In the classroom, as we pulled apart the existentialist philosophy of Simone de Beauvoir’s The Second Sex, we explored the use of tools as essential to the definition of the human. When philosophical discussion felt lofty or abstract, we pulled it back into our own lives, trying to square the academic with the personal, the self-governance meeting with the broader political climate we existed within. Texts became tools, not objects for disengaged analysis. The application was not just in the theoretical future beyond our educations, but in the small-scale decisions of everyday life in living and working together. Our minds pushed at the edges of each other’s as we did this. Classroom discussions lead us to surprising new places we couldn’t have reached alone.

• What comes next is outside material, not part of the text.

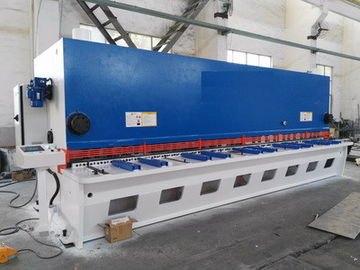 acheter machine de milliseconde Plate Guiiotine Shear de 6M Long avec des lames de cisaillement de Cr12mvo coupant 12mm online manufacture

Looking back at Arete from the vantage point of my senior year in college, I see the 8 weeks I spent there as a concentrated capsule of living well. As I write my senior thesis, I often feel isolated in the work, selfish in the pursuit of academic recognition. I think back to Arete as an antidote to this individualized learning process, and having it in the back of my mind reminds me that intellectual work always happens in community with others. On bad days, I reach into an envelope of hand-written notes from my cohort-mates, grounding myself in their words. I fold the paper back up, take a deep breath, and continue on aided with the assuredness I felt there. It is important, when I reflect on what I learned at Arete, to recount the tangible things— wood-chopping, cooking with industrial-kitchen standards for a large group, working with livestock, the sharpening of my academic thinking. The breadth of muscles you work at Arete is one of the things that makes it so special: you’re not just a mind, but a whole embodied person, you’re sometimes the one harvesting produce and at other times preparing it for the table. But the overwhelming thing I see as the greatest tool I took with me is the mode and depth of engagement with others. That aspect of Arete has provided a model for interdependence that I continue to reach for in my life.


Paige Parsons attended the Blue Ridge Session in 2017. She is a senior at Brown University studying anthropology and English literature. She is originally from Mission Viejo, California.